--- START ---

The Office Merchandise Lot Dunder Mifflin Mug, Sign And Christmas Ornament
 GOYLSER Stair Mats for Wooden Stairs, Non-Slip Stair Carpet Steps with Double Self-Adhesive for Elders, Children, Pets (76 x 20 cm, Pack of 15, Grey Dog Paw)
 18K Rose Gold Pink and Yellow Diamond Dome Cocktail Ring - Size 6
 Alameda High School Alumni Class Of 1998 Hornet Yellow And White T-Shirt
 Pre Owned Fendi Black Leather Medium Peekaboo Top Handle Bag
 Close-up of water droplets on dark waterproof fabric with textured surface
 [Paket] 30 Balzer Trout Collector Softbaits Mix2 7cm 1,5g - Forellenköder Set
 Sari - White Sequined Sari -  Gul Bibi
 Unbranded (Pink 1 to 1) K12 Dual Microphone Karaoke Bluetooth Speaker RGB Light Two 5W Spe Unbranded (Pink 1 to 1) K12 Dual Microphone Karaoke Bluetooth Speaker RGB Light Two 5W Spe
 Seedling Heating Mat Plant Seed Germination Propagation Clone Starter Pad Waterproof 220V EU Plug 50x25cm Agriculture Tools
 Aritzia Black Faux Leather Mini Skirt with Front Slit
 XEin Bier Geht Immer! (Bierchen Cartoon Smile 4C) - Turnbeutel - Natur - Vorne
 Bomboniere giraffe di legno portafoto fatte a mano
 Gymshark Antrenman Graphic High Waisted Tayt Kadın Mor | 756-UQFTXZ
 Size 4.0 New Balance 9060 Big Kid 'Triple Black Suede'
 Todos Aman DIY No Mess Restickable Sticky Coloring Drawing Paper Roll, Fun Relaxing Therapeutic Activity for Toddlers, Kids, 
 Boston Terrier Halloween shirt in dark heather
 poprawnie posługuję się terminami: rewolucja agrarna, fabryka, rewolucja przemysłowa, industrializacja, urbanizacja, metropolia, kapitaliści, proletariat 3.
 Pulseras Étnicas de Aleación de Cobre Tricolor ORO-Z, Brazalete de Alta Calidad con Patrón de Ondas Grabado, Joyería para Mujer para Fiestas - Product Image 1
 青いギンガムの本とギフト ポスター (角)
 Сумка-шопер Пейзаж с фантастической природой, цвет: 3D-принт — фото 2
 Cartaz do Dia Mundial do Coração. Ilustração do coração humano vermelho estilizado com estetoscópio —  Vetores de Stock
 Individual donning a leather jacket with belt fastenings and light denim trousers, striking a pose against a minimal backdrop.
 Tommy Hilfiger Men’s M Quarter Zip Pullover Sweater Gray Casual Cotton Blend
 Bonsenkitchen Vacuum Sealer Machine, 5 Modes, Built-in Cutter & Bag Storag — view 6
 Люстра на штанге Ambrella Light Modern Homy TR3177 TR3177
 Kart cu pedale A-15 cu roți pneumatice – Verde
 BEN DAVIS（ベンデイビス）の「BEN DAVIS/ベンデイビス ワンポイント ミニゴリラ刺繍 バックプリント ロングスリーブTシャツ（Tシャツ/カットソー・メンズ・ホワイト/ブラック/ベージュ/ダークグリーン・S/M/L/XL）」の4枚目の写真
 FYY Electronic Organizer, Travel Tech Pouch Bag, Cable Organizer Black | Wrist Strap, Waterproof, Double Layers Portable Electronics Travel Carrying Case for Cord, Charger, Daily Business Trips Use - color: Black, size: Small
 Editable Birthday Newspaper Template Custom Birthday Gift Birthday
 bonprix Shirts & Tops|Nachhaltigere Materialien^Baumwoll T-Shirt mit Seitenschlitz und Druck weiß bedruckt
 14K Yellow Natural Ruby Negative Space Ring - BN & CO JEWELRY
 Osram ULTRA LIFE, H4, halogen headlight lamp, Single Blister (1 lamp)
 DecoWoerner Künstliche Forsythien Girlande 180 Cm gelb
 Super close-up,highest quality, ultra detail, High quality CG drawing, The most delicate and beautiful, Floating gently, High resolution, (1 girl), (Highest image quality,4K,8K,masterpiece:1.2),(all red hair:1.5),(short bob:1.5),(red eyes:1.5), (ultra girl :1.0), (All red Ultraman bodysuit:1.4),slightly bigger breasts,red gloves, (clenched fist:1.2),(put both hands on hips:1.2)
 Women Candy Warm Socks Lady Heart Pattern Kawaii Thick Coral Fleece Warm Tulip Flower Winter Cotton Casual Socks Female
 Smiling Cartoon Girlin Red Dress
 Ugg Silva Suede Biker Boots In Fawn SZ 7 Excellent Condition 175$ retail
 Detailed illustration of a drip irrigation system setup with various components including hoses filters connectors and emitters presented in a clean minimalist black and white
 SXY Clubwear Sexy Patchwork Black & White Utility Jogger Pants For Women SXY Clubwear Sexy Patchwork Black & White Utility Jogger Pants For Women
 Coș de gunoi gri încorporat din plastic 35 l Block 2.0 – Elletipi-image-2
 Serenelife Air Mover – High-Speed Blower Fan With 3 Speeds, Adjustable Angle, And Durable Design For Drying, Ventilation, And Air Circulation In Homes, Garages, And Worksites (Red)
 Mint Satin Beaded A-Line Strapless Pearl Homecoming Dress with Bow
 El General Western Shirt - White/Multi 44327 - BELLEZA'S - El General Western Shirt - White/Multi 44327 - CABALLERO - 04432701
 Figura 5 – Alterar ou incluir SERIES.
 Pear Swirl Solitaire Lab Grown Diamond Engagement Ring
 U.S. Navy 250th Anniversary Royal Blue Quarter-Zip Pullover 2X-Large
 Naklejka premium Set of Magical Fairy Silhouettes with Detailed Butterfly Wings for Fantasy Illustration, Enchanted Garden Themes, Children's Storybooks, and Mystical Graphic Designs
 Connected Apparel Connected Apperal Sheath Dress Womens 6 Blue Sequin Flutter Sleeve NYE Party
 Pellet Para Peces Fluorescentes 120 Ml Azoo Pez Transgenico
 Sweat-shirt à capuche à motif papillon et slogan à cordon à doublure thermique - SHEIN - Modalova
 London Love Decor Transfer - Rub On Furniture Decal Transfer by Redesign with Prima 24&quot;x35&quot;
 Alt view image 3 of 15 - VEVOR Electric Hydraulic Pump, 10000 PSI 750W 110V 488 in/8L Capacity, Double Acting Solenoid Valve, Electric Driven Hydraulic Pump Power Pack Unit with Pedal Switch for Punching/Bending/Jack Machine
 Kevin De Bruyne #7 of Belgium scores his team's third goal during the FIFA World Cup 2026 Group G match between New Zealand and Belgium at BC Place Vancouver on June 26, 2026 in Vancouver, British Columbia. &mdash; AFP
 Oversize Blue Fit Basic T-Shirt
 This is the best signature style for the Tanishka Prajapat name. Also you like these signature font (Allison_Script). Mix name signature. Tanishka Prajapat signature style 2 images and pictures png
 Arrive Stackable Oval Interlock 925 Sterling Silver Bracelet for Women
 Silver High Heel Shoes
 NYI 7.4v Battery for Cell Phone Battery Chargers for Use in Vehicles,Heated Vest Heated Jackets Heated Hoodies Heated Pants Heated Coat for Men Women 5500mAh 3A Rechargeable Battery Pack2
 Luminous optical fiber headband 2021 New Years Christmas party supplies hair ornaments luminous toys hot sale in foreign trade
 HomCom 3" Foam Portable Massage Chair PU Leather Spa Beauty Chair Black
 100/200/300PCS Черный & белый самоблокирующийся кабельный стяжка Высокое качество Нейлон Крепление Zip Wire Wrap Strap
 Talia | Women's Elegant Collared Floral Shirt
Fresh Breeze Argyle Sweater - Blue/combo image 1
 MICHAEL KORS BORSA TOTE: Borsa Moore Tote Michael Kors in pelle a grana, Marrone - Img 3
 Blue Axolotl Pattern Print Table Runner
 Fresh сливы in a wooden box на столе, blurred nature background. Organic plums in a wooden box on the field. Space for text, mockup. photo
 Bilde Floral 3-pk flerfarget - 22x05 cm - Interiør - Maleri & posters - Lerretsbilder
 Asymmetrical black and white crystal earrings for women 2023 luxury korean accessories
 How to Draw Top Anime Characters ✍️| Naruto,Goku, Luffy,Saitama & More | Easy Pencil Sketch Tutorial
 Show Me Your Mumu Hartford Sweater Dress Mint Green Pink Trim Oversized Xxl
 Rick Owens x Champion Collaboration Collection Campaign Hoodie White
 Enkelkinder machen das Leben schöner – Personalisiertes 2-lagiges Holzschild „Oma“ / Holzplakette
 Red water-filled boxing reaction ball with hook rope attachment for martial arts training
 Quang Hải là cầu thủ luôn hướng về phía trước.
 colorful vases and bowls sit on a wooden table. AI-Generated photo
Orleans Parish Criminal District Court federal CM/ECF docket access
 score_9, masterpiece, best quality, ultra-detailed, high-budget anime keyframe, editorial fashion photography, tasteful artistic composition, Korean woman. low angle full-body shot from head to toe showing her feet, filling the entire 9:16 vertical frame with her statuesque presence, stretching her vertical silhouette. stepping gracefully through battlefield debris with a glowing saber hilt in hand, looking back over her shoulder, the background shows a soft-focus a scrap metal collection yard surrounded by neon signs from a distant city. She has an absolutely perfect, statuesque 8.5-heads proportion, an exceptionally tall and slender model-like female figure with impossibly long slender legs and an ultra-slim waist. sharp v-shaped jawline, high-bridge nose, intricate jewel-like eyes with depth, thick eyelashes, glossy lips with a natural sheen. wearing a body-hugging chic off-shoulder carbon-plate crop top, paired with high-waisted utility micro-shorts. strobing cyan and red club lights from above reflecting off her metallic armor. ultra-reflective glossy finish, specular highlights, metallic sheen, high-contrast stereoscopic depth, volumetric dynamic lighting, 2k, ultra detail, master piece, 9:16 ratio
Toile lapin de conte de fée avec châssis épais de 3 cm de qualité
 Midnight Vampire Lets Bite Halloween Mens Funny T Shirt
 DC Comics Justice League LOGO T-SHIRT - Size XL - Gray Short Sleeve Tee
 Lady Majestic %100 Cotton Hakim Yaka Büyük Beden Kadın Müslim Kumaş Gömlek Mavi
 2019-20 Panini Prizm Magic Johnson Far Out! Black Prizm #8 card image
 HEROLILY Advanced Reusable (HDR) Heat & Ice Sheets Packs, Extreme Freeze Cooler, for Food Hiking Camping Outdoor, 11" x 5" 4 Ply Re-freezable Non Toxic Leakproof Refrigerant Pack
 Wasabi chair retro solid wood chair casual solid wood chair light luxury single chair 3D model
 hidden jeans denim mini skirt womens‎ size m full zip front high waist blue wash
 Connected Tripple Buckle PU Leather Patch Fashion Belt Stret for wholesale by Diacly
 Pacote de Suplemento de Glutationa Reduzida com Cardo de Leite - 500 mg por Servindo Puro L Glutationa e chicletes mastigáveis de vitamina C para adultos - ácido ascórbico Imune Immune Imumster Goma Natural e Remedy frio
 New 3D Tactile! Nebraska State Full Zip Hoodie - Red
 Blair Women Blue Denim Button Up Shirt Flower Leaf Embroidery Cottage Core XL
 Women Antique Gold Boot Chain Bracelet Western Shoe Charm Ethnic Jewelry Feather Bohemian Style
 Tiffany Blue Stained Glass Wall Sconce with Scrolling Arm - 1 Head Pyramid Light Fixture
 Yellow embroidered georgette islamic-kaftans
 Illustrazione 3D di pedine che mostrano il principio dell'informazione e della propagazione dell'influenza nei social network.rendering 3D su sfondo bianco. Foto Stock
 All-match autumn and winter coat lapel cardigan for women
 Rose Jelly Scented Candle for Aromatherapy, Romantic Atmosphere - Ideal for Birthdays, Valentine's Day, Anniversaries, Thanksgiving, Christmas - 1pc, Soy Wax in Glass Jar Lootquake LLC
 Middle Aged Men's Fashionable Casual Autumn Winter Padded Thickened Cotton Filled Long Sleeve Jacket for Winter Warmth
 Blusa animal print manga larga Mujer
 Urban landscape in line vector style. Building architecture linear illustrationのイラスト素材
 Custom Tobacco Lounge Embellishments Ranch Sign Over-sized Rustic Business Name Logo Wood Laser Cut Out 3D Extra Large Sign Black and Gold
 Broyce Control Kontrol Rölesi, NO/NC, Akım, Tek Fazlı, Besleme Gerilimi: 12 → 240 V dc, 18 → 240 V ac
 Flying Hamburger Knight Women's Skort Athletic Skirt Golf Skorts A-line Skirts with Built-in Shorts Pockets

--- END ---

ACTIVITY → Find "dark" in the data above. Report each line where it appears.

RESULT FOR THIS TASK →
 Close-up of water droplets on dark waterproof fabric with textured surface
 Boston Terrier Halloween shirt in dark heather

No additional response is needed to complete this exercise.